» DATA
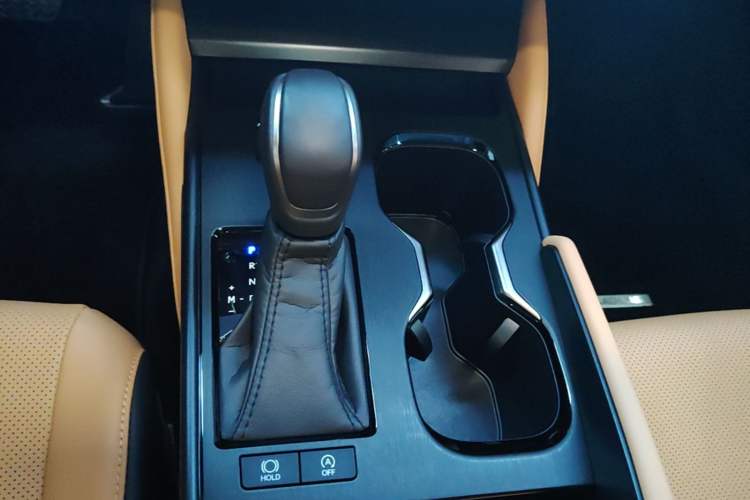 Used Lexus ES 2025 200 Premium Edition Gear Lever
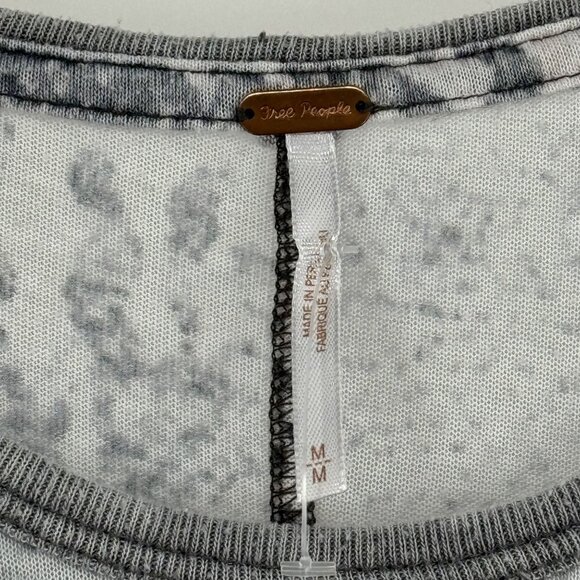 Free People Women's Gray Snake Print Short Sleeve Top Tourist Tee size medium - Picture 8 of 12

---

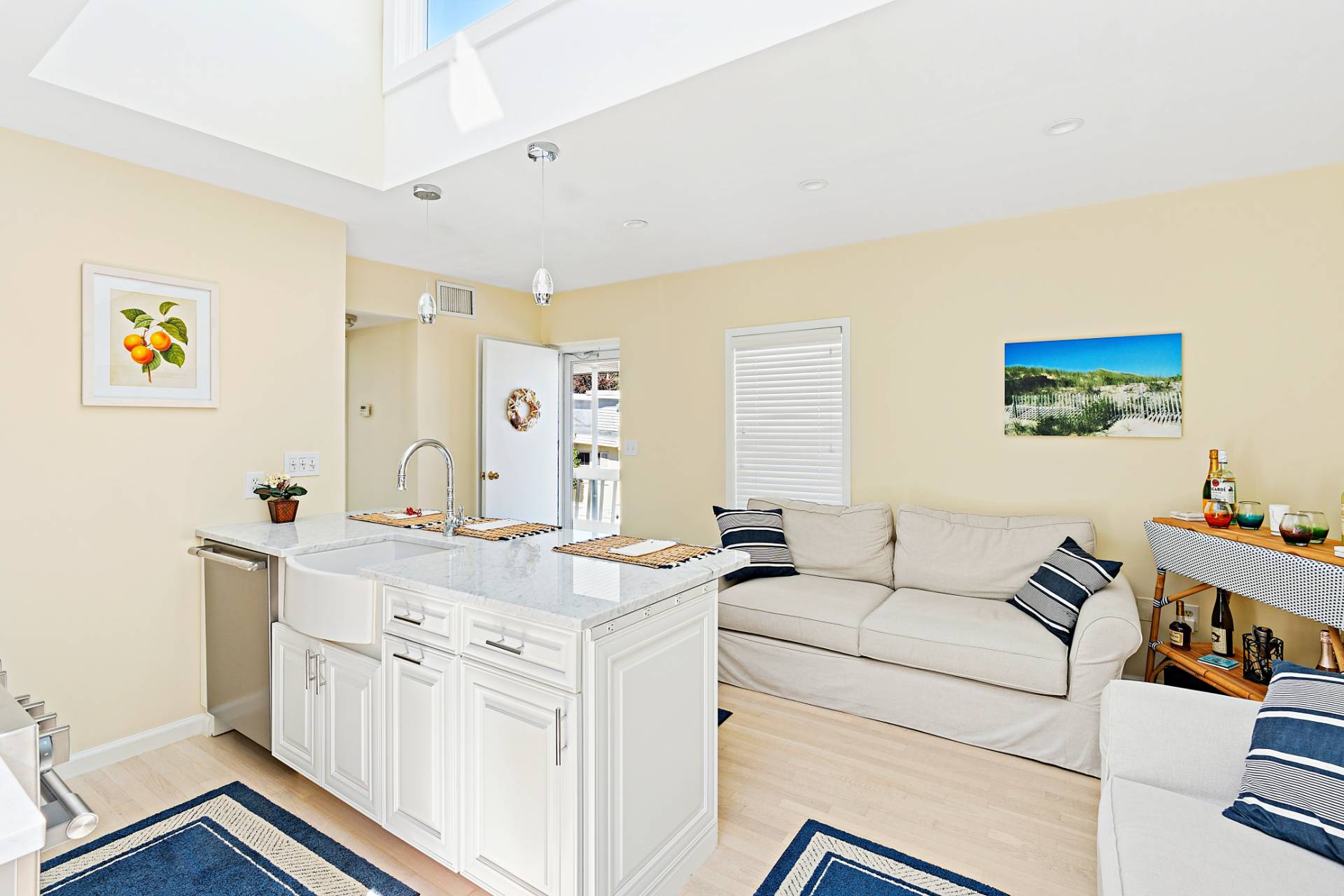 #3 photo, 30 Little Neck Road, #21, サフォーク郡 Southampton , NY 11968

» WHAT TO DO
Give the lines above again exactly, from the one containing "Used Lexus ES" to the one containing "Free People Women's", both included, but leave out the pictures.

» SOLUTION FOR THIS EXERCISE
 Used Lexus ES 2025 200 Premium Edition Gear Lever
 Free People Women's Gray Snake Print Short Sleeve Top Tourist Tee size medium - Picture 8 of 12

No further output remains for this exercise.